A codex preserved within the National Library, the Skylitizens of Madrid, which was uncovered after its restoration in 2024, has performed a central function within the gestation of the novel, as he defined. “It is a great chronicle of war and it shows how values ​​change over time,” he famous, explaining that his novel begins with a paragraph taken from this Byzantine textual content on which seven illustrators labored.

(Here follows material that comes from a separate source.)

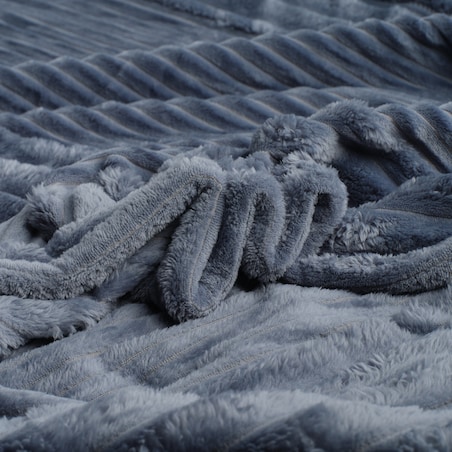 Jednokolorowy koc żakardowy Divite 150x200 cm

His Polish spouse and his proximity to Poland, the place he spends lengthy durations of time, convey him nearer to the battle in Ukraine, one thing that he assumes has ended up being distilled in a roundabout way in his new work. “I really like war literature, stories that push human beings to the limit,” he mentioned earlier than including that the resistance of people is a subject that particularly captivates him and the Balkans is a spot for which he feels a particular love. The story of these blind those who he collects in his novel has by no means been developed, though it’s a tragedy remembered with monuments. Toscana recomposes it from a number of first individuals in a story that gives a “symbolic, almost mythical reading of the war,” in response to the jury. “I try to fight so that prose can usurp the place of poetry, without being it,” Toscana warned.

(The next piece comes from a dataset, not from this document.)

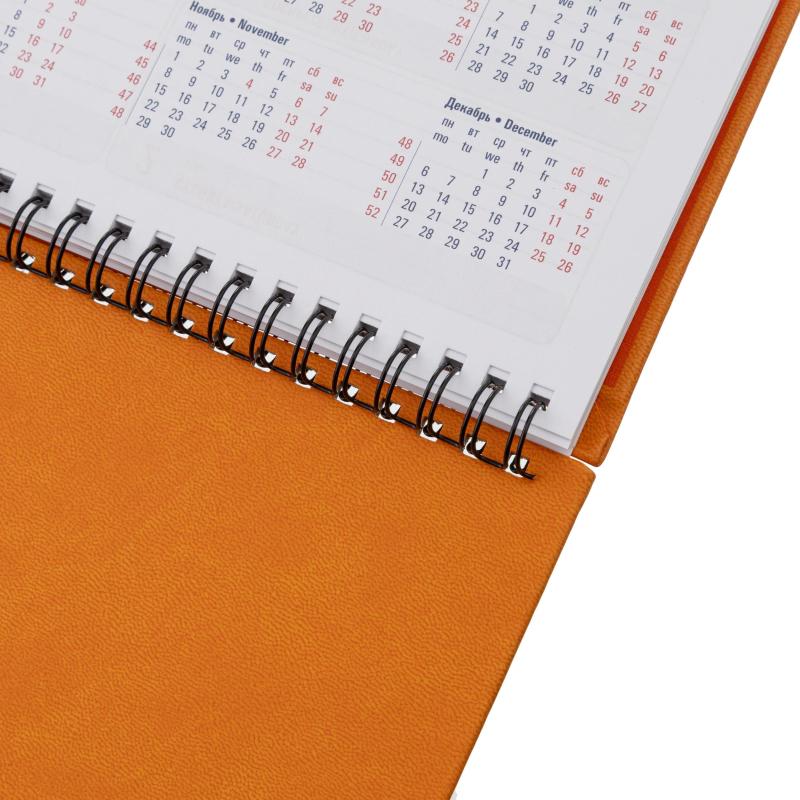 Планинг датированный 2026 ATTACHE 57л, 340х130, Сиам оранжевый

The celebration and announcement of the award, within the glass gallery of the Cibeles Palace in Madrid, introduced collectively totally different actors from the literary and publishing world this Tuesday. Nuria Cabutí, CEO of the Penguin Random House Editorial Group, opened the session to vindicate the function of books in an “age marked by speed” and the necessary function that literature performs in “training in empathy and critical thinking.” The author and Councilor for Culture of the Madrid City Council, Marta Rivera de la Cruz, highlighted the town’s dedication to tradition as a strategic axis, earlier than giving the ground to the Secretary of State for Culture, Jordi Marti Grau.

Authors who had received awards in earlier editions comparable to Santiago Roncagliolo, Manuel Vicent, Sergio Ramírez, Patricio Pron and the educational Clara Sánchez attended the massive occasion. The Cervantes Prize winner and educational Luis Mateo Díaz, alongside along with his colleagues within the plenary classes of the RAE Manuel Gutiérrez Aragón and José María Merino, the director of the Cervantes Institute and poet, Luis García Montero, the author and visitor editor of the Yeguas de Troya label, Gabriela Wiener. Writers comparable to Rosa Montero, Aroa Moreno, Marcos Giralt Torrente and Luisgé Martín and booksellers comparable to Lola Larumbe and Jesús Trueba additionally attended.

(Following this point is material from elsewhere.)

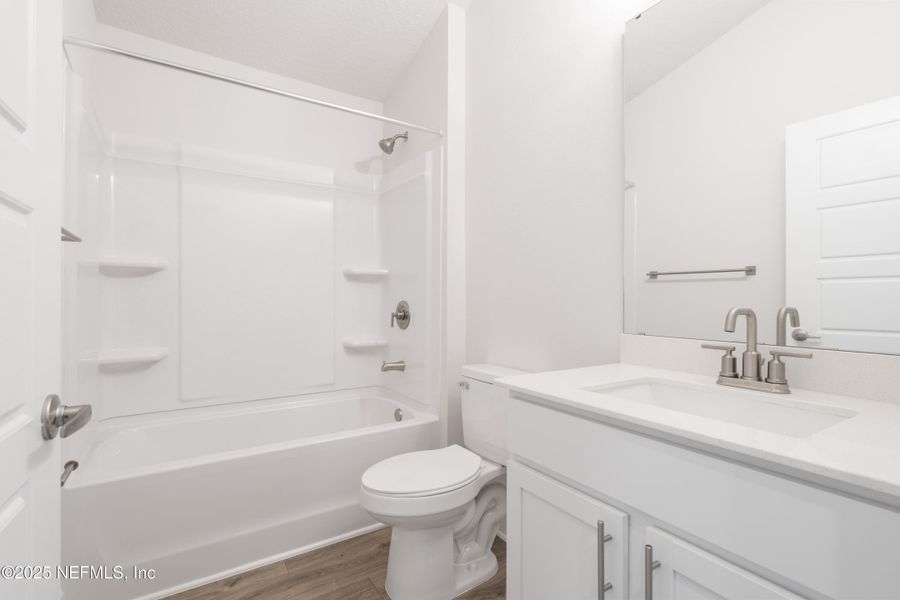 Furnished interior view inside a new home in Shadow Crest at Rolling Hills, Green Cove Springs (Image 8).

Endowed with $175,000, a sculpture by Martín Chirino and publication all through the Spanish-speaking territory by the Alfaguara label, the award is among the hottest within the Spanish language. On this event, 1,140 manuscripts have been obtained, of which just about half have been despatched from Spain (524), and greater than 100 from Argentina, Mexico and Colombia respectively.

The Alfaguara award, nearly in its thirtieth version, was created within the mid-sixties when Alfaguara was born, interrupted shortly after and resumed on the finish of the nineties with its present format and transatlantic spirit. Among the winners lately it’s price mentioning Pilar Quintana, Sergio del Molino, Ray Loriga, or Juan Gabriel Vásquez.